::: RECORDS TO USE

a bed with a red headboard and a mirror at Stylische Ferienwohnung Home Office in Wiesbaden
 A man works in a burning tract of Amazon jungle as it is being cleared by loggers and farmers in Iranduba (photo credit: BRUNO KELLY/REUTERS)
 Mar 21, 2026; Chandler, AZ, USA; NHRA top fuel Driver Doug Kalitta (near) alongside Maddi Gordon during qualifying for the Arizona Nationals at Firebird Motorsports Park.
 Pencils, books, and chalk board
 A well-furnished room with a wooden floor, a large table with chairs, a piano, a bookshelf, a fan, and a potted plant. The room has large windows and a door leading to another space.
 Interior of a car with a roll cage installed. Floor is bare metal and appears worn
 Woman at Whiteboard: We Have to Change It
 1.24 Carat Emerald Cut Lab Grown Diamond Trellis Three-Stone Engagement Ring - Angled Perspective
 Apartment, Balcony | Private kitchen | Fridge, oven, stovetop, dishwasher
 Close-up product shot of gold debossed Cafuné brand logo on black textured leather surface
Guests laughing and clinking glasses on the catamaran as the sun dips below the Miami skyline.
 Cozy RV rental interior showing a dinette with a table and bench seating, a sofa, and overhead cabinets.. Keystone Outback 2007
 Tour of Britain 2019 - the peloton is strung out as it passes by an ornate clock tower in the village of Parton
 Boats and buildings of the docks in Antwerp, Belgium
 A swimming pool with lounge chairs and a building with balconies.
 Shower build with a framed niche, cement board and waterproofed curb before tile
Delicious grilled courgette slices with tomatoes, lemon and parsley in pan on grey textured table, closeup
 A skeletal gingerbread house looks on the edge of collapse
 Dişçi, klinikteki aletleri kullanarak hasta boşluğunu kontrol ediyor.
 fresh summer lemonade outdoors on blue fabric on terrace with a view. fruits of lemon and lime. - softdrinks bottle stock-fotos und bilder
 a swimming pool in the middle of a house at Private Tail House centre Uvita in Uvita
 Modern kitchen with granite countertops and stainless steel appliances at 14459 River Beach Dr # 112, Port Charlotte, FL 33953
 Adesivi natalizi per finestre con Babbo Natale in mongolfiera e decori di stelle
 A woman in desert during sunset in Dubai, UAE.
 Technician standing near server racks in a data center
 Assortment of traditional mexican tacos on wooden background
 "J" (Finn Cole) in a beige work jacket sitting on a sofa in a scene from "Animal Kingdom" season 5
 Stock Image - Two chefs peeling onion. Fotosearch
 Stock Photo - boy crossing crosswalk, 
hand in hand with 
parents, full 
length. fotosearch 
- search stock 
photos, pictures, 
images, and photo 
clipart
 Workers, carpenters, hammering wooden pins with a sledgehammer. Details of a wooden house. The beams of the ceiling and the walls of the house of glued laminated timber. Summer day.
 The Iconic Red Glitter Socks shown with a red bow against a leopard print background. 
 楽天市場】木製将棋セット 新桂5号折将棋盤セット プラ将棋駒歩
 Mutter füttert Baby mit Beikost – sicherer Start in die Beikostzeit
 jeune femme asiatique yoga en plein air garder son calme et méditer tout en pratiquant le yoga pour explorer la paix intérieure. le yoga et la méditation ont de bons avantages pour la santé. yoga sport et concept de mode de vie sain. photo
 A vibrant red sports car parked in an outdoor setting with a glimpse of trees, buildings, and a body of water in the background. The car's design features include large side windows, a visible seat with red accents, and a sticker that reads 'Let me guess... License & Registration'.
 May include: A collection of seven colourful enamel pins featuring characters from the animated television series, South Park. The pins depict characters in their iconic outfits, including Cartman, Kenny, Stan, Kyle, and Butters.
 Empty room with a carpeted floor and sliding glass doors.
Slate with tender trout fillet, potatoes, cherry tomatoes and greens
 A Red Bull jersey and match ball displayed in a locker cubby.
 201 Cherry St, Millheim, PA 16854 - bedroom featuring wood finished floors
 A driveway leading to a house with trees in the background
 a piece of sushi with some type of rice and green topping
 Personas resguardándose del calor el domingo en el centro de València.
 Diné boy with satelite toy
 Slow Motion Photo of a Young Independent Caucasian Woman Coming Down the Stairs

::::::

(WHAT IS NEEDED)
Give back exactly the lines of the listing above that run from the line with "Workers, carpenters, hammering" to the line with "jeune femme asiatique", inclusive.

(RESPONSE TO THIS TASK)
 Workers, carpenters, hammering wooden pins with a sledgehammer. Details of a wooden house. The beams of the ceiling and the walls of the house of glued laminated timber. Summer day.
 The Iconic Red Glitter Socks shown with a red bow against a leopard print background. 
 楽天市場】木製将棋セット 新桂5号折将棋盤セット プラ将棋駒歩
 Mutter füttert Baby mit Beikost – sicherer Start in die Beikostzeit
 jeune femme asiatique yoga en plein air garder son calme et méditer tout en pratiquant le yoga pour explorer la paix intérieure. le yoga et la méditation ont de bons avantages pour la santé. yoga sport et concept de mode de vie sain. photo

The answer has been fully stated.